Job Creators vs. Lost Creators

I’m concerned this week on two fronts that are most often seen separately, although they are inexorably intertwined by an interdependence and mutual responsibility engendered by the nature of our democratic society. 

One, is the rhetorical keystone used by the radical right-wing Republicans that attempts to equate being rich with being a “job creator.”  It’s so patently misleading as to fall easily into the category of bamboozling.  This isn’t the first time Republicans have used this ruse to mislead the public. 

An article from September 2011 on Salon.com recalls that Republicans have been using it for years (even decades) to push a vision of capitalism in which those who most benefit from the system are most essential to its continued success.  As long ago as 1991, a Republican conservative, who just happens to be running currently for the Republican nomination for President, Newt Gingrich, characterized  Democratic opposition to a cut in the capital gains tax as evidence that liberals “hate job creators; they’re envious of job creators.  They want to punish job creators” and then he added that they “believe in class warfare.”  Sound familiar?

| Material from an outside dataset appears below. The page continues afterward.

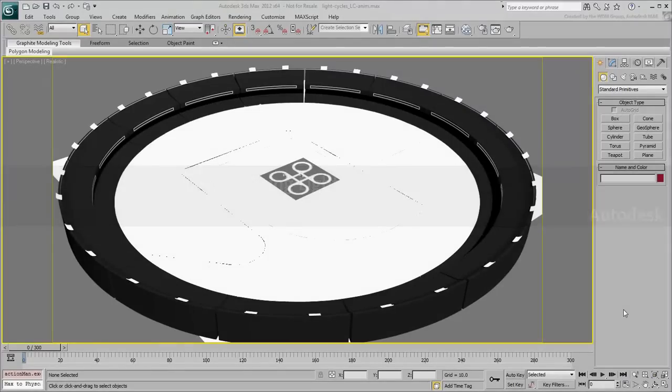In this Part 3 movie, you animate the light cycles by constraining them to predetermined trajectories.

Even more revealing is the debate over the 1993 Clinton budget plan, which aimed to cut the deficit by raising the top income tax rate.  Republicans fought this tooth and nail, but ended up losing on a tie-breaking vote by Vice-President Al Gore in the Senate.  Of course, one of their leaders at the time, Phil Gramm, made it plain that this was very unlikely to promote investment and job creation.  In fact, he invoked pretty much the whole world as believing it could not succeed.  Hindsight lets us see that higher taxes on the “job creators” did not create an obstacle to economic growth.  In fact, what resulted was economic growth for 116 consecutive months, the deficit cut by $290 billion, and a path established toward a balanced budget.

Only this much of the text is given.